Graffiti als Teil der Gesellschaft
Der vermeintlich öffentliche Raum ist häufig nicht wirklich öffentlich. Zumeist geregelt und eingeschränkt durch den Staat oder jene mit genügend Kapital. Gesellschaftliche Mitgestaltung findet stets unter definierten Rahmenbedingungen statt. Gerade in Großstädten wie Berlin zeigt sich die Verknappung des öffentlichen Raumes. Immer mehr Raum wird privatisiert oder durch den Verkehr eingenommen. Ist die Stadt und ihr öffentlicher Raum überhaupt noch für Interaktion und Kommunikation da?

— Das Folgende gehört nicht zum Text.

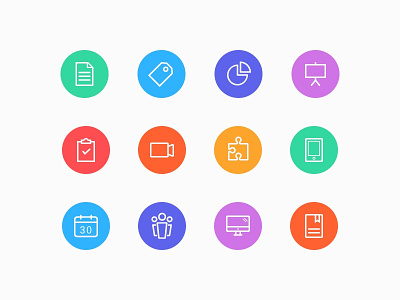 Sales Hub Icons colorful education icons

„Die Hauswand muss sich jeder anschauen. Kann ich nicht mitentscheiden, wie die aussieht? Warum soll der Typ, nur weil er mehr Geld hat, entscheiden können. Wenn er keinen Bock darauf hat, kann er sie wieder weiß streichen.” Das Sprayen an sich sieht Minos nicht als politischen Akt, denn wenn er politisch etwas bewegen will, gibt es andere Wege. Natürlich kann es politisch erscheinen, wenn sein Piece die Hauswand eines Eigentümers überdeckt. Doch manchmal sollten sie es nicht so persönlich nehmen, so der Writer.
Doch wer darf jetzt den öffentlichen Raum gestalten? Minos sieht das Sprayen nicht als Akt der Inbesitznahme, sondern als eine symbolische Praxis gegen Besitz. Für wen der Raum genau gestaltet wird, ist schwer zu sagen. Zuletzt kann er nur für sich selbst sprechen: „Ein spezielles Problem in der Graffiti-Szene ist, dass alle sehr individualistisch sind”. Hauptsächlich gehe es beim Sprayen um das Selbst, die Freunde und die Szene. Doch wir alle seien ein Organismus, hätten ein Bewusstsein, lebten zusammen und lernten voneinander. Das sich alles beeinflusse, könne nicht verhindert werden, sagt Minos zum Ende unseres Gesprächs.